Cross Country Checkup

People with 'invisible illnesses' at risk during COVID-19 pandemic, says woman with autoimmune disease

Many people in self-isolation because of the COVID-19 pandemic are likely doing so for the first time. But this is a typical flu season precaution for Laura Brown, who has a rare autoimmune condition.

Self-isolation and heightened personal hygiene practices are nothing new for Laura Brown

Laura Brown posted these photos of herself on Twitter to illustrate the potentially dire effects of her rare autoimmune disease. 'I am the immunosuppressed. It’s not just the elderly at risk,' she said, in wake of the COVID-19 pandemic. (Laura Brown/Twitter)

Many people in self-isolation because of the COVID-19 pandemic are likely doing so for the first time. But this is a typical flu season precaution for Laura Brown.

The Toronto-based writer and designer has mixed connective tissue disease (MCTD), a rare autoimmune condition that can produce symptoms similar to several other tissue diseases including rheumatoid arthritis and lupus.

"All of the precautions that are being touted in the media are the ones I take generally on every flu season from October to May," Brown, who is currently under self-quarantine, told Checkup host Duncan McCue.

"So the recommendations that they are putting out is just what has become my new normal since being diagnosed."

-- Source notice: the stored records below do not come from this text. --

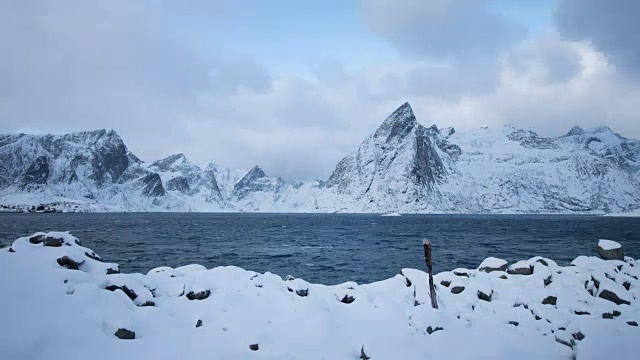 罗弗敦群岛。雪，湖和山的时间推移视频下载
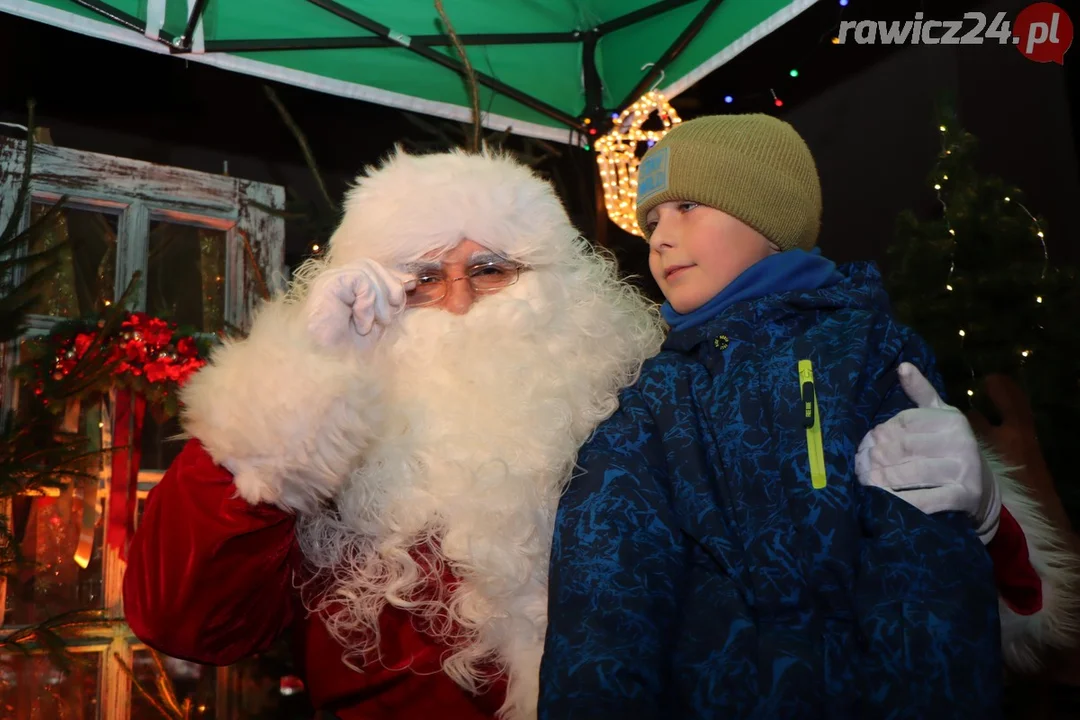 Spotkanie ze Świętym Mikołajem na Rawickim Jarmarku Bożonarodzeniowym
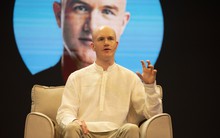 Kỳ tích CEO Coinbase: Bình an vô sự trong khi đối thủ ngồi tù, trở thành kẻ sống sót duy nhất trong bão tiền số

A growing number of Canadians are working from home or going into self-isolation this week, as the number of COVID-19 cases in the country surpassed 300.

Public figures currently in self-isolation because of testing positive of the virus, or being in contact with people who have tested positive, include Prime Minister Justin Trudeau, his wife Sophie Grégoire Trudeau and Toronto Councillor Josh Matlow.

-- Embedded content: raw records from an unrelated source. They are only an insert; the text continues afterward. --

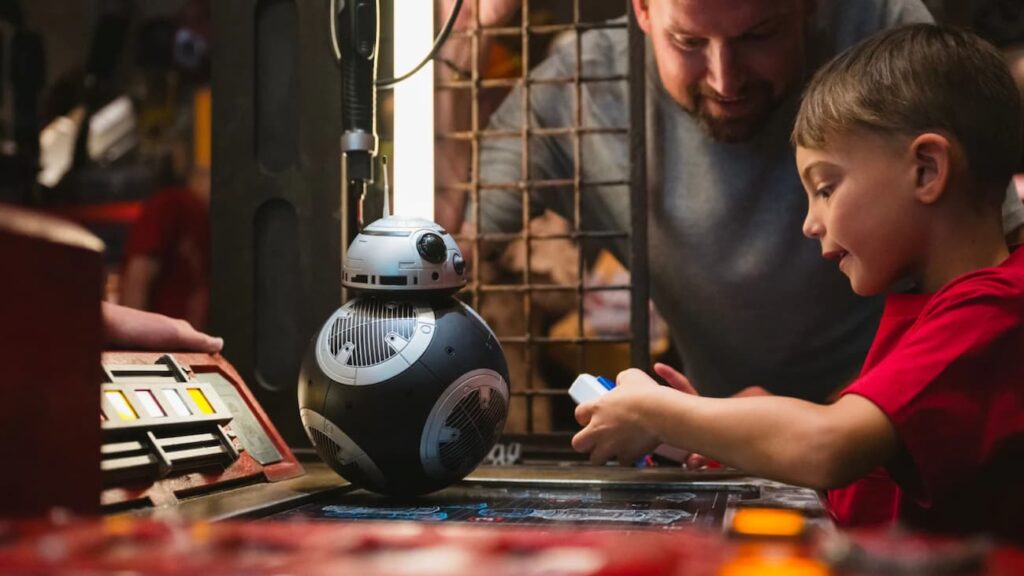 Menino contrói droid em galaxy's edge na Disney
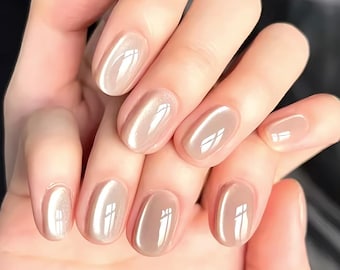 Uñas postizas de ojo de gato Moonlight Secret Realm hechas a mano, uñas Aurora, uñas de ojo de gato con piedras preciosas Moonlight, uñas ovaladas cortas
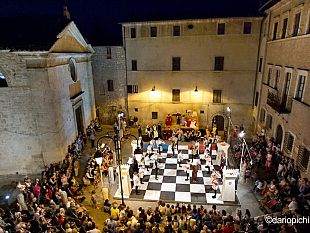 b306291943-gli-scacchi-viventi-a-sarteano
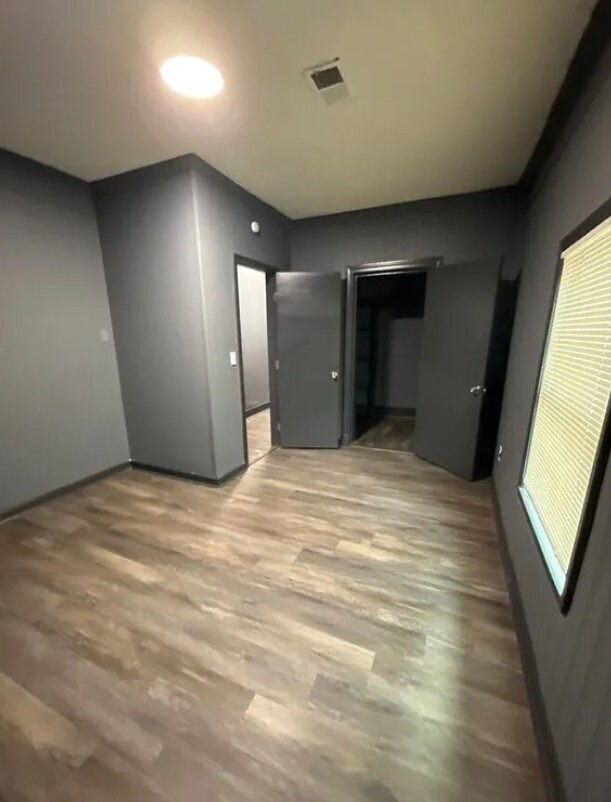 Building Photo - Fully Renovated 3BR in Sherwood Forest – Section 8 Welcome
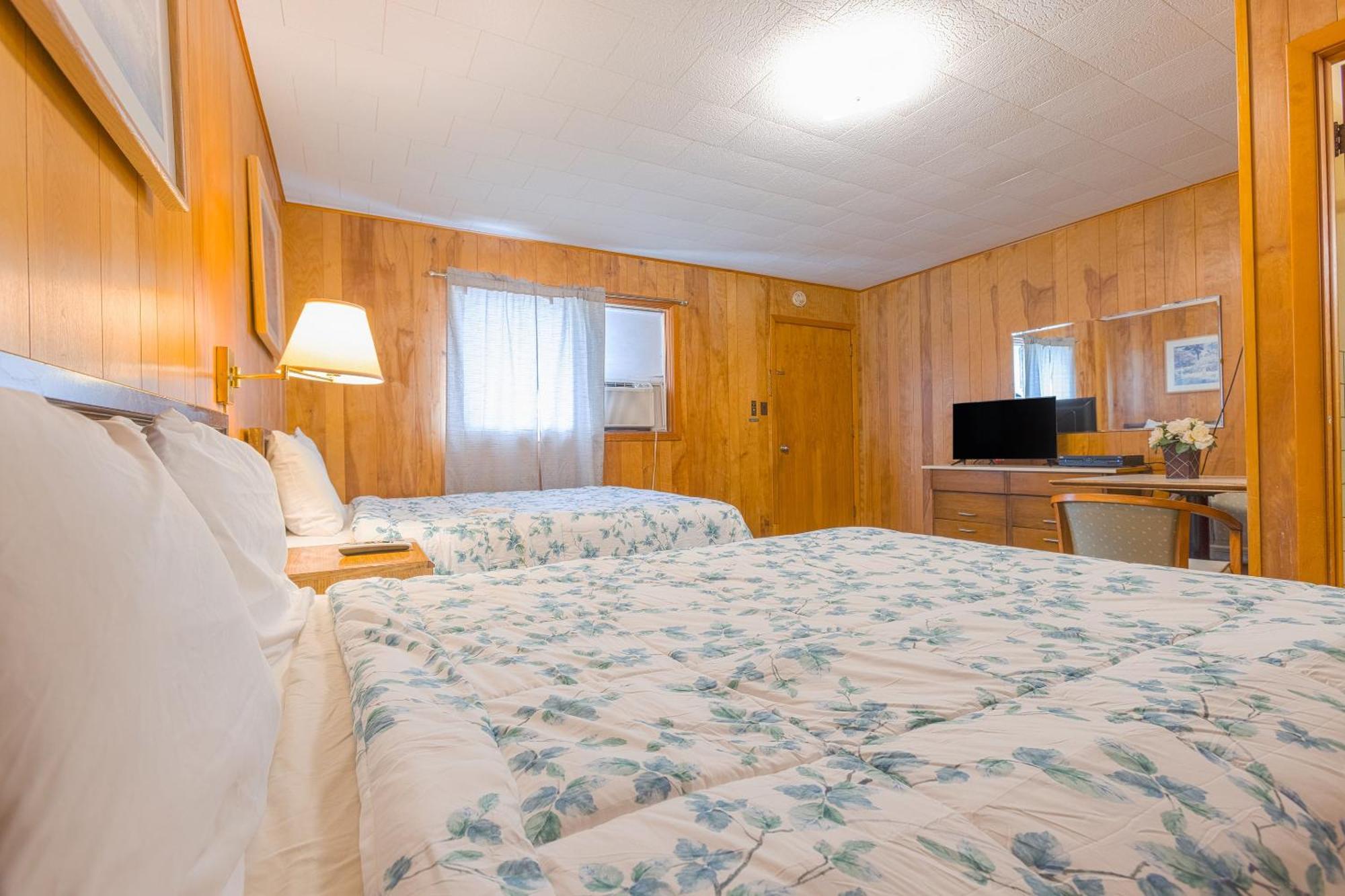 Parkside Motel By Oyo Meadville Conneaut Lake Conneaut Lakeshore Екстер'єр фото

Brown says she is "highly diligent" about washing her hands. She takes public transit often, so she frequently uses hand sanitizer as well. She doesn't eat "communal food" and wipes down her phone with disinfectant wipes every day.

She's also used to not touching her face in public — a difficult habit to break when she was diagnosed with MCTD shortly after her 30th birthday.

"If I do have to touch my face, I will use hand sanitizer. If I have an itch on my nose [or] my eye I will touch my face at home, because my home is very sterile. But it's just something that has become a part of my day to day," she said.

On Friday, Brown tweeted two photos of herself from last spring that were taken a few weeks apart. The first shows her in a room where she gave a presentation to about 500 people.

The second was taken from a hospital bed where she was treated for a serious infection after a visit from her mother, who had recently recovered from a viral chest infection.

"We thought she was over it, and it would be safe to visit. It turns out it wasn't. I ended up catching it. I got really, really sick, and developed a secondary bacterial infection because of it, which landed me in the ER," she said.

Brown was sick for about three weeks after that infection, and battled minor recurring infections months after that.

She followed up that tweet with another using the hashtag #HighRiskCovid19, which some people have been using to highlight their conditions and put a spotlight on people who may not fit popular conceptions of who is most likely to suffer the worst effects from the novel coronavirus.

Brown hopes that people learning about social distancing, self-isolation and other hygiene practices will take those lessons with them through the coronavirus pandemic and beyond.

"Don't forget this once COVID is over. Take these practices into the next cold and flu season. If you are feeling sick — stay home. Work from home," she entreated.

"There are people like us who have what appear to be invisible illnesses out and about in community, and you can still infect us if you stop doing that day-to-day hygiene that you've adopted through this COVID process."